Within the last decade, numerous relevance feedback algorithms have been proposed 
for learning during interactive image retrieval [3,4, 5, 6,7, 8]. For recent surveys see [9, 
2]. Most early relevance feedback algorithms assumed Gaussian distribution for image 
classes. To relax this restrictive assumption, recent developments use either kernel ma- 
chines or boosting methods to capture nonlinearities. Examples include kernel-based 
support vector machines [10,11,12,13], adaptive quasicomformal kernel (AQK) method 
[14], kernel-based BiasMap [1,2], Boosting approaches including FBoost or VBoost [4, 
15], or a constrained similarity measures using SVM or AdaBoosting [16]. 

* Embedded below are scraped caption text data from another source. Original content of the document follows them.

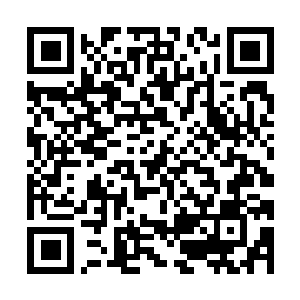 Link naar je actie QRCode - Fondswerving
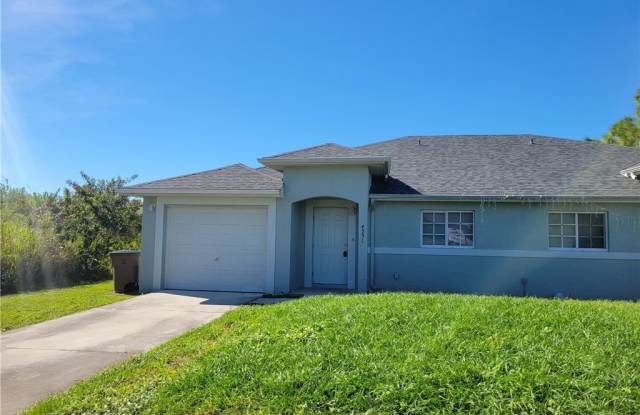 4551 Golfview Boulevard photos photos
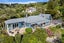 64 Harbour Terrace, Careys Bay, Port Chalmers - Carousel 2
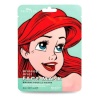 Mad Beauty näomask Disney Princess Ariel (25ml)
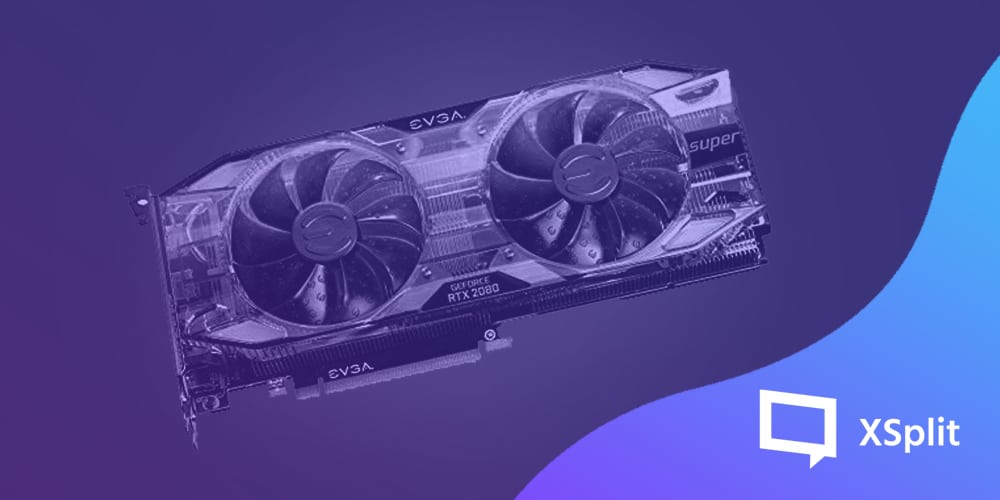 Top Streaming Upgrades for 2021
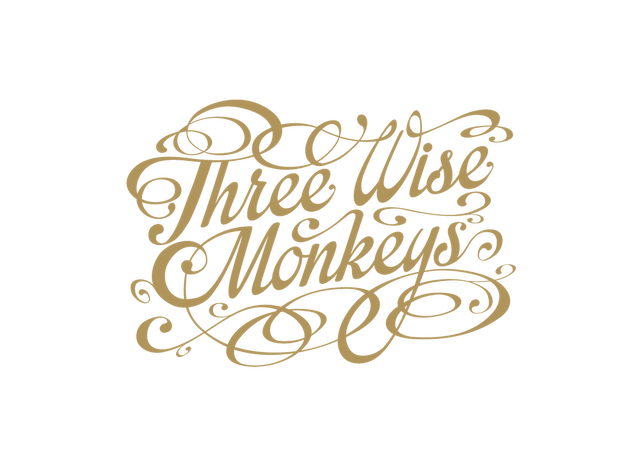 Three Wise Monkeys Design, animation visual effects Immersive Media UK studio London Manchester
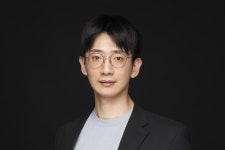 권태산 스트라드비젼 COO, 산업통상자원부 장관 표창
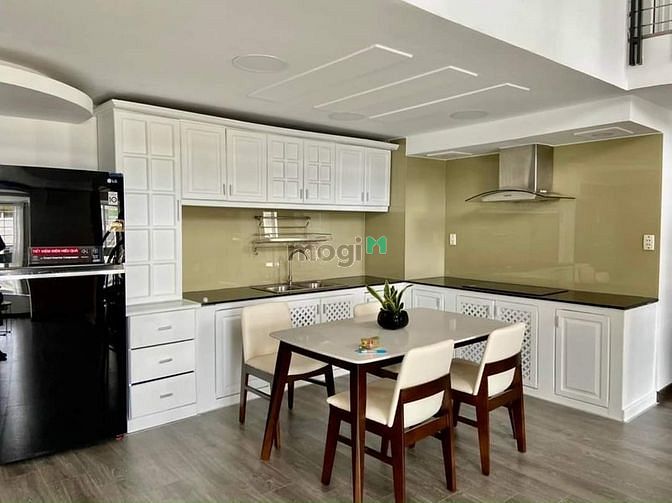 Hình ảnh Bán Trang Chủ MB66.COM / Đăng Ký Tặng 66K duplex 4pn3wc giá 4ty6 tại SKY GARDEN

However, None of above addresses kernel selection in a principled way. In this paper, 
we propose kernel partial alignment for measuring kernel “fitness” which is especially 
suited for small-sample learning during image retrieval. It also provides a gauge on 
relative class scatters, which can guide a biased learner, such as BiasMap, toward better 
class modeling. 

We also propose two boosting algorithms as alternatives to the kernel-based ver- 
sion for nonlinear distributions. Unlike existing approach that boosts individual feature 
components or vectors to form a composite and symmetric classifier [4,15], our scheme 
boosts multiple linear rankers (each of which uses all the available features) toward a 
nonlinear ranker which is more suited for information retrieval tasks [17]. 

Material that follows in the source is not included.